Dates read: May 15-20, 2017
Rating: 7/10
For someone who’s been dead for over 500 years, William Shakespeare’s still pretty damn popular. It seems like there’s at least one major screen adaptation every year. And everyone reads at least one of his plays at some point in high school, right? They’re probably the only plays which most people have actually read all the way through in their lives (I include myself in this number, I don’t particularly care for reading plays). While some people hate his stuff and most feel more-or-less indifferent, there are also some people who REALLY love it. I’m not one of those people, but I do have a favorite of his works (Much Ado About Nothing) and still regret that I didn’t get a chance to take a course focused on Shakespeare in college from a legendary professor.
It’s a group of people who are super duper into Shakespeare that is the focus of M. L. Rio’s If We Were Villains. The book mostly follows seven Shakespearean acting students in their senior year at an exclusive arts college. We know something big and bad happened, because the book opens with one of the seven (Oliver, our protagonist) being released from prison after a decade. He agrees to return to his alma mater and speak to the detective who put him behind bars to finally reveal the true story of what happened all those years ago.
Based on the length of sentence alone, it shouldn’t be surprising that what happened was that someone died. The who and the how I’ll leave for the reading of it, because the bigger issue is what happened after that person died. The way the remaining members of the group deal with the death, and how it changes their relationships with each other, both on and off the stage. They’d each developed a little niche over their years together (the king, the femme fatale, the good guy, the ingenue, the villain, etc), and the removal of one of the spokes of the wheel renders the structure unstable.
If you’ve read The Secret History, a lot of that will sound pretty familiar to you. Indeed, it’s pretty obvious that Donna Tartt’s debut novel was a significant source of inspiration for Rio for her own. And that’s fine, Tartt doesn’t own the concept of a tight-knit group of students studying an obscure subject at an exclusive private college dealing with the fallout from the death of one of their own. But here’s the thing: if you’re going to write a book with strong parallels to a novel that’s been consistently popular since it was published 25 years ago, you have do it at least as well or better. And although I want to make it clear that I did enjoy reading If We Were Villains (I did love The Secret History, after all), Rio didn’t quite hit that mark.
The characters fall a little too neatly into the roles they fill onstage: Richard, the king-type, really is a raging egomaniac; Meredith the femme fatale really is a sexpot; Wren the ingenue really is demure and sweet, etc etc. Where this fails most problematically is that the “background player” types are kind of underdeveloped, and that’s Oliver and Filippa. Oliver, you’ll remember, is the main character and while it’s not unusual for a reader-insert-character protagonist to be kind of bland, Oliver never really captured or held interest for me.
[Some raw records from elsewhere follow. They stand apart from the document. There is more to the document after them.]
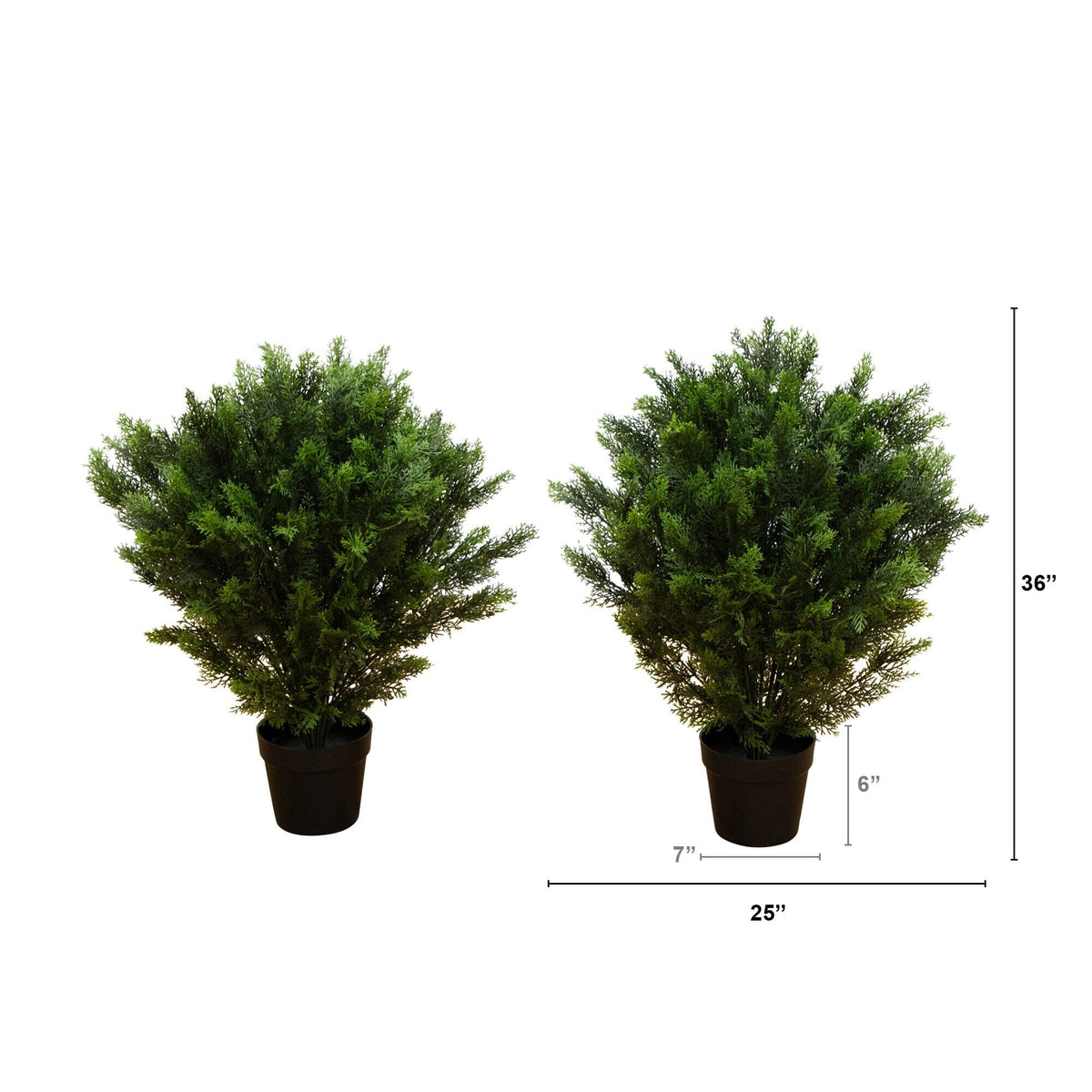 a pair of potted plants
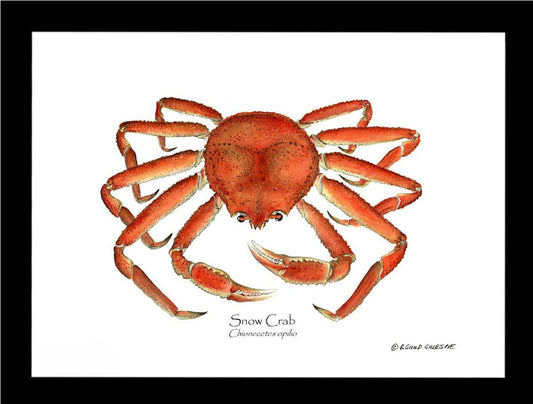 Crab, Snow | Wall Art Shellfish Print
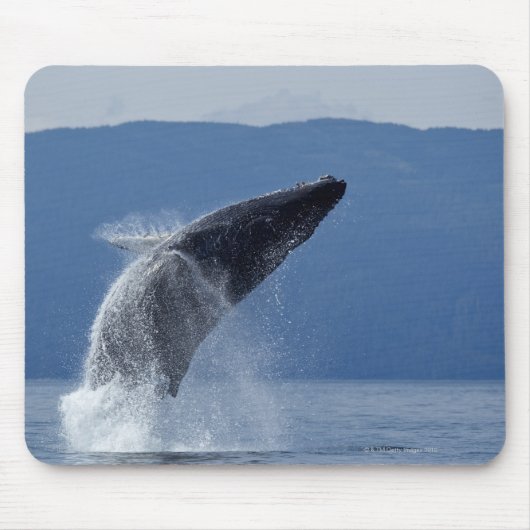 VS, Alaska, Angoon, Humpback Whale (Megaptera) Muismat (Voorkant)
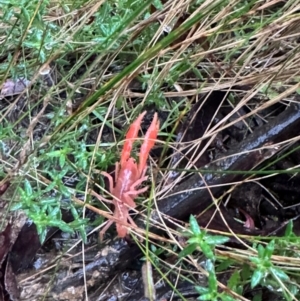 Engaeus cymus at Lower Cotter Catchment - 6 Apr 2024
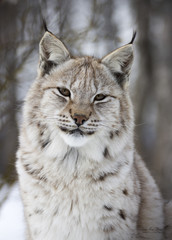 norwegian lynx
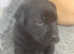 5 working line health tested Labradors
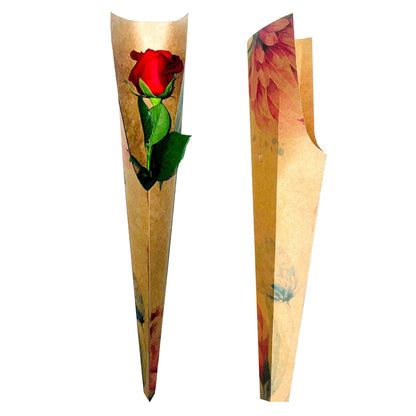 Single Rose Sleeve - Protea (Pack of 20)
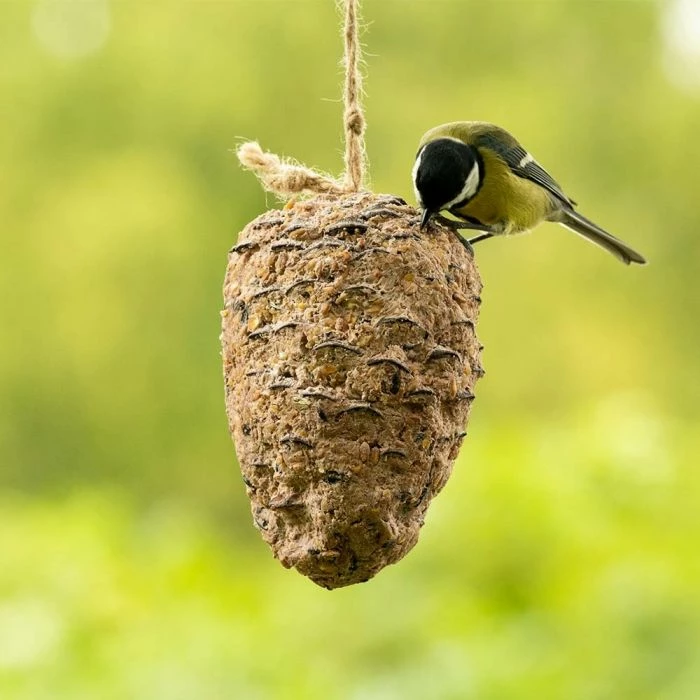 Peanut Butter Filled Pine Cone For Birds 2 Peanut Butter Filled Pine Cone For Birds - Image 2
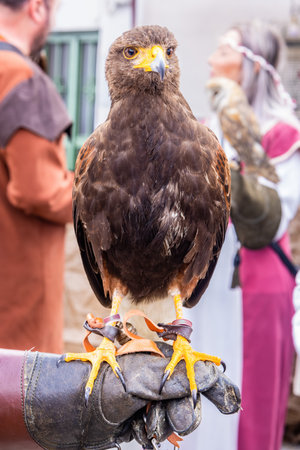 Detail of the head of a Harris's Hawk, Parabuteo unicinctus, formerly known as the bay-winged or dusky hawk, used for falconryの写真素材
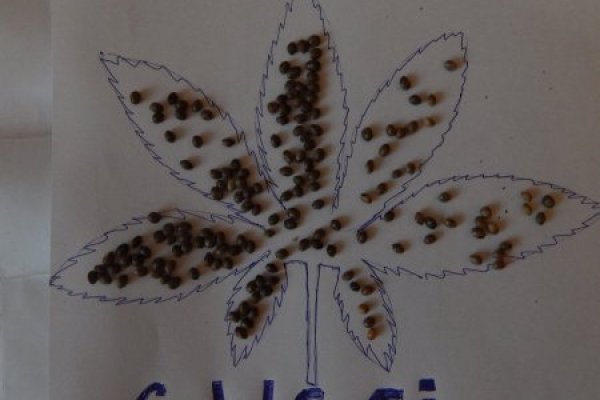 Сайт кракен что это такое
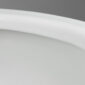 Dometic MasterFlush 8500 Toilet Bowl Detail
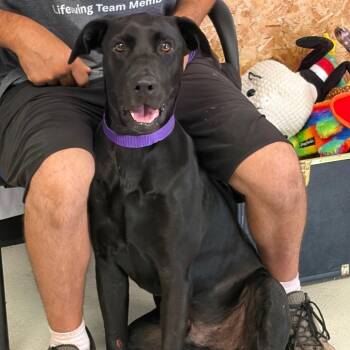 Jermayne Wysconsyn Baca -  Black Labrador Retriever Dog for Adoption in Lake Jackson, Texas - Jermayne Wysconsyn Baca | PetCurious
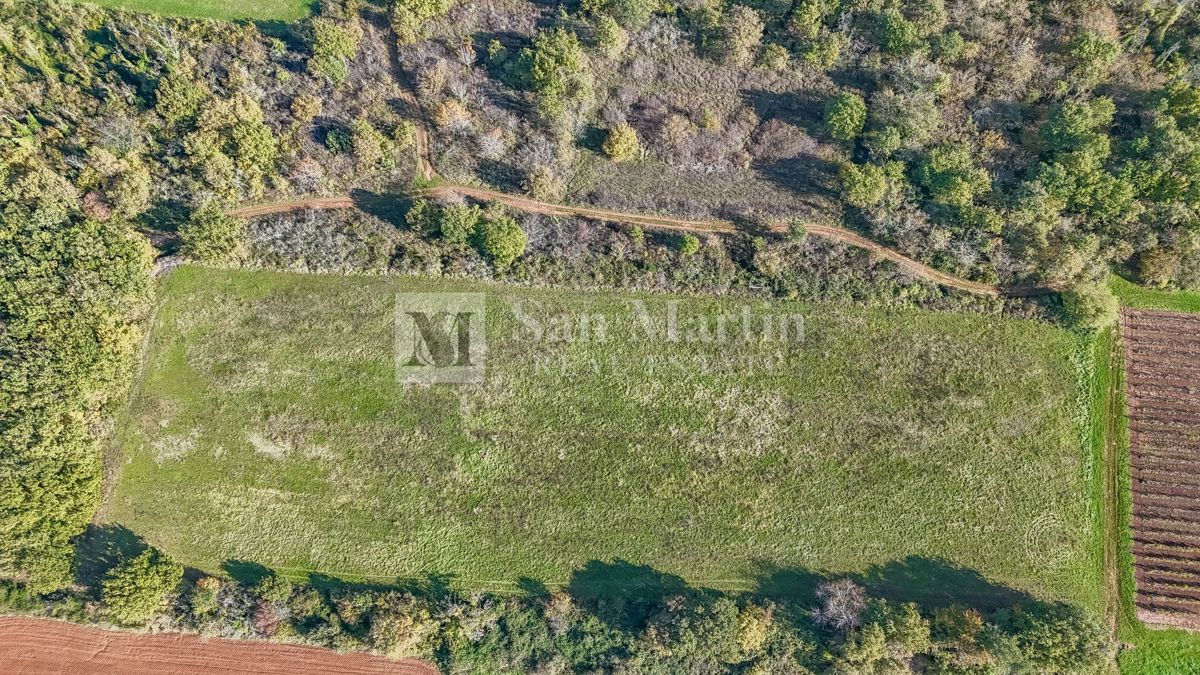 Poreč – Kmetijsko zemljišče 14.800 m²!!!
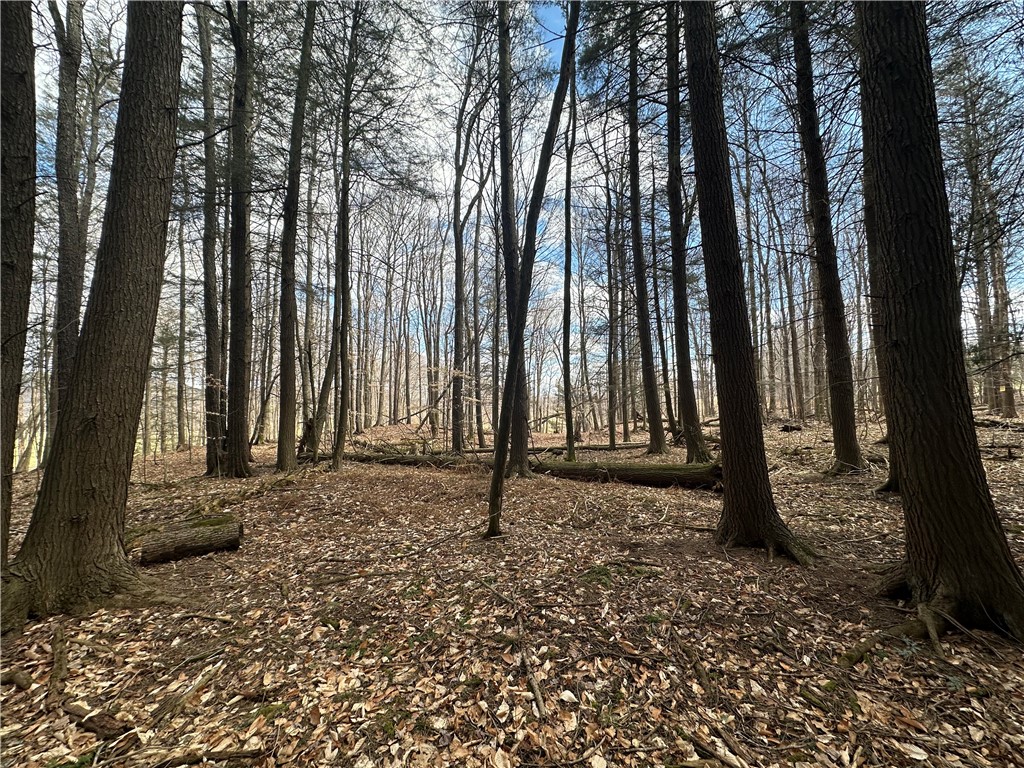 231 Prattsburg Road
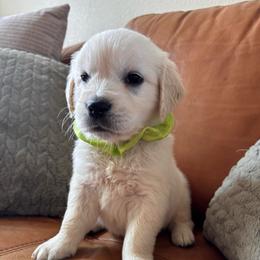 Green boy - Light golden male Golden Retriever puppy in Pahrump, Nevada from Southern Nevada Goldens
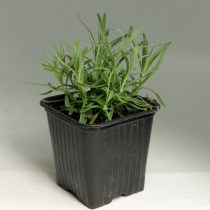 Lavanda_fr_purple_mix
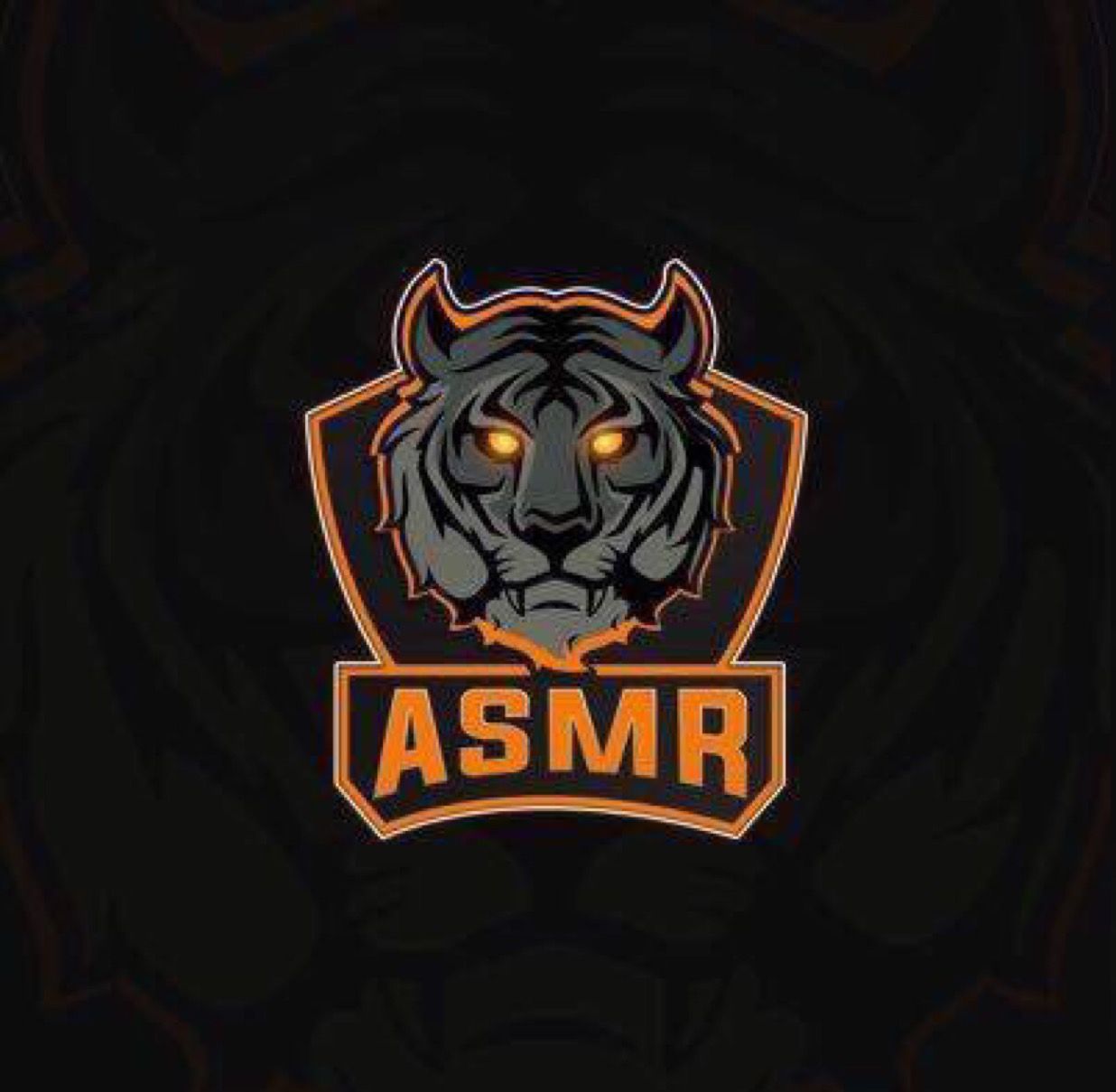 ASMr esport1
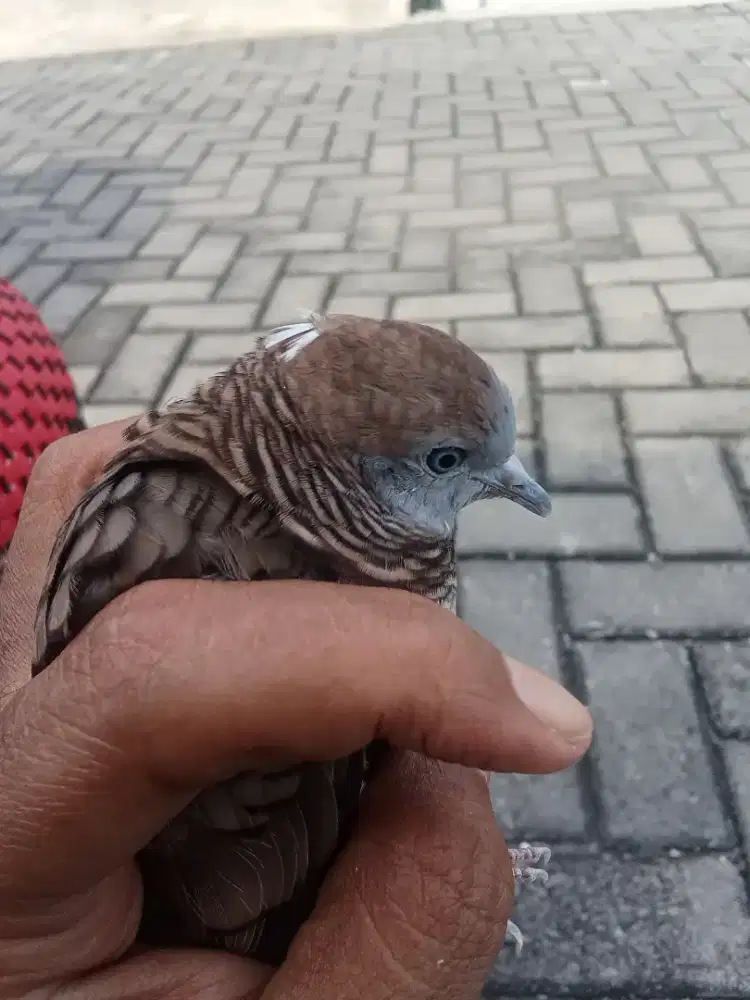 Perkutut satrio pinayungan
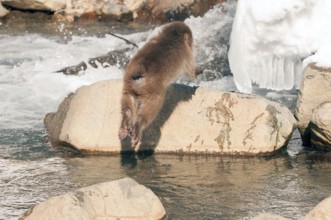 Japanese macaque or snow japanese monkey, young jumping (Macaca fuscata), Japan Monkey-Japanese,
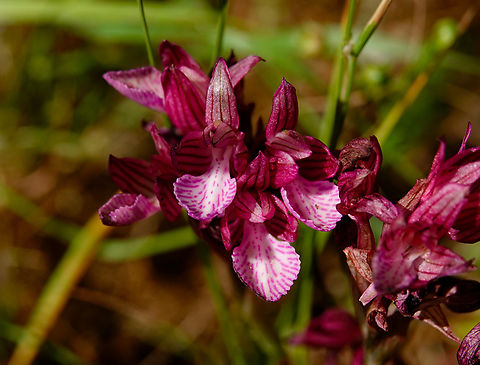 Pink-butterfly Orchid - Anacamptis papilionacea Nea Kria Vrisi, Crete.  Anacamptis papilionacea,Geotagged,Greece,Pink-butterfly Orchid,Spring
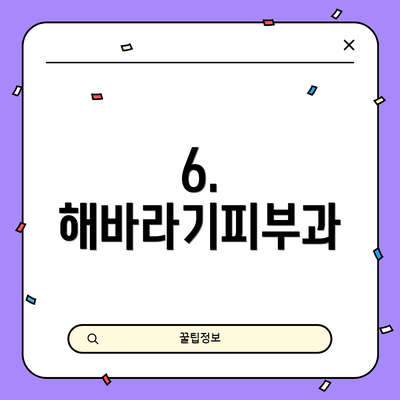 6. 해바라기피부과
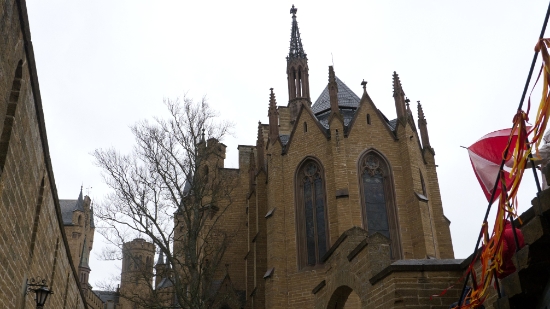 P1690046.jpg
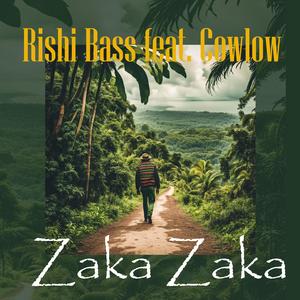 Zaka Zaka (feat. Cowlow) (Radio Edit)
Filippa is the only other member of the group that doesn’t come from privilege and the small peeks we get at who she is make her easily the most potentially interesting character, and it’s frustrating that she’s given the short shrift. The plot developments, too, weren’t handled especially deftly. I’m generally not good at anticipating plot twists, but I called nearly all of the major ones easily. Rio’s prose is solid, though, and I’d definitely be open to reading more from her in the future. I’d recommend this to people who loved The Secret History and want to read something similar, but if you haven’t read that book yet, it’s better than this one.
Tell me, blog friends…are there “if you liked that, you’ll love this” books that you feel pulled off being better than the inspiration?